In the studio of… Michaëlle Sergile | The words at the source of weaving

In the space of five years, the Quebecer Michaëlle Sergile has already exhibited in New York, Miami and Dakar. Using weaving, she combines the words of black history and struggle with textile threads to create delicate and strong installations about cultural identity. We visited the studio of this energetic 27-year-old artist, nominated for the 2022 Sobey Prize.

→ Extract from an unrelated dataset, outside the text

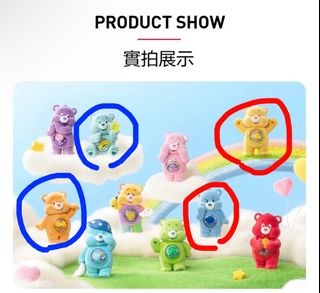 （分類：）位於 。 由 balloonbliss 提交（商品編號 1373642035，圖片 1）。簡介： 。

Posted yesterday at 4:00 p.m.

Eric Clement

Eric Clement
The Press

Itinerary


PHOTO PROVIDED BY THE ARTIST

Black skin, white masksrecently exhibited at the MNBAQ

Born in Chicago, Michaëlle Sergile spent her early childhood in Haiti before arriving in Quebec at the age of 7. The artist and curator studied psychology and art therapy, before turning to visual arts at UQAM.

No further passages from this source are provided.